With support from the nation’s automakers, federal air-pollution legislation surged ahead. Federal vehicle-emission standards were adopted to preempt all state vehicle standards with one exception. California could seek a “waiver” of preemption. Congress subsequently amended the Clean Air Act so other states could adopt California’s standards too, but only after California obtained a waiver from the EPA. As a result of the compromise, instead of one set of vehicle-emission standards, there are two: One set in Washington, D.C., another in Sacramento.
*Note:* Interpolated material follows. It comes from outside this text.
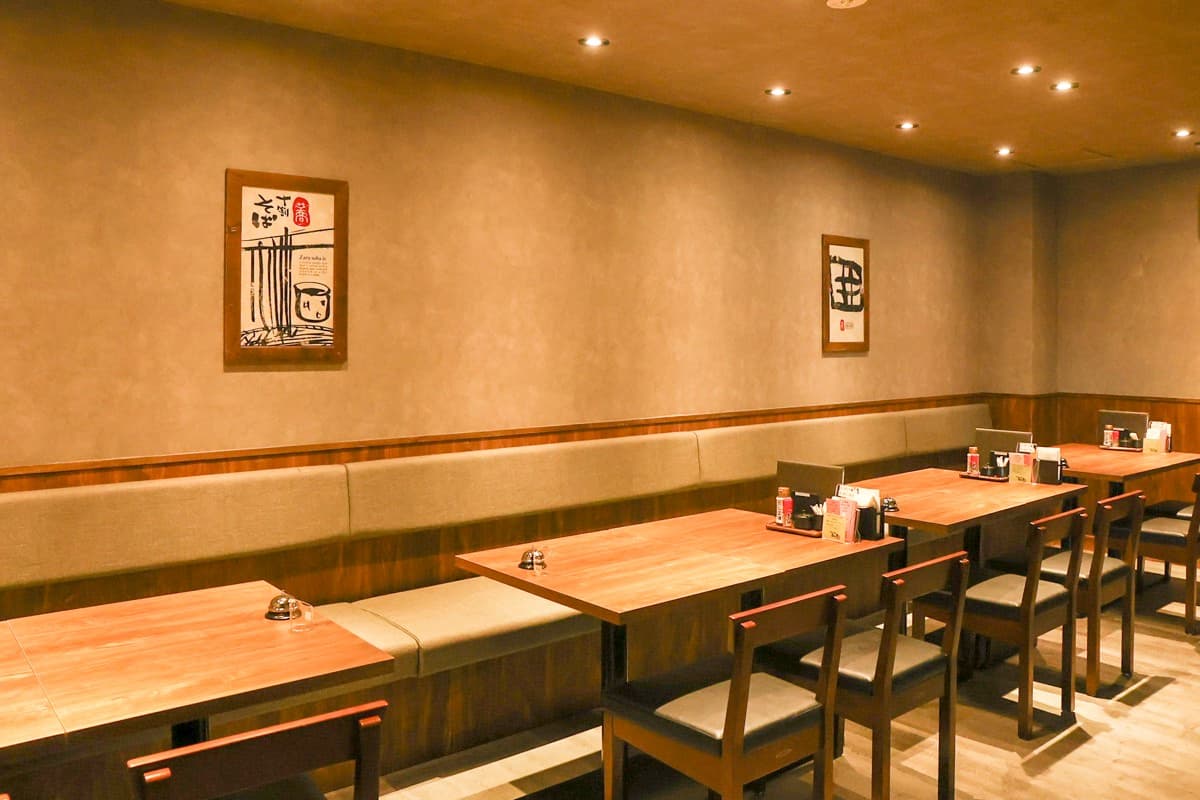 十割そば囲炉裏 甲府湯村店 3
California regulators relish their role as environmental trendsetters, and often speak of California’s “right” to set its own vehicle-emission standards. Yet waivers are not automatic. Under the Clean Air Act, the EPA cannot issue a waiver unless certain conditions are met. Among other things, California must show that its rules are no less protective than federal standards and can be consistently implemented and enforced. Most importantly, the EPA must conclude that California “need[s] such State standards to meet compelling and extraordinary conditions.” This was an easy standard to meet when California sought tighter emission controls to reduce air pollution in smog-choked Los Angeles. Whether this standard allows for a waiver when the target is global warming is a different question. Testifying before Congress this week, Brown said there is “no question” that the EPA must grant a waiver, but the law itself is not so clear.
The waiver provision was designed to ensure that California could adopt tighter emission controls where necessary for California cities to meet federal air-quality standards. California had the worst air pollution in the nation, and there was a strong argument that what would clear the air in Houston or Chicago might not work so well in southern California. So, over the past 30 years, California sought and obtained tens of waivers to help control soot and smog. In each case, California could argue that more stringent auto-emission rules were necessary to meet the “extraordinary conditions” that California faced.
Global climate change, however, is a global phenomenon. The relevant airshed is not the Los Angeles basin or South Coast Air Quality Management District, but the global atmosphere. The degree of warming experienced by California is a consequence of atmospheric concentrations of carbon dioxide and other greenhouse gases, not local conditions or controls.
California may face specific threats from the effects of global warming, but the climate-forcing of carbon dioxide and other greenhouse gases is dispersed throughout the world.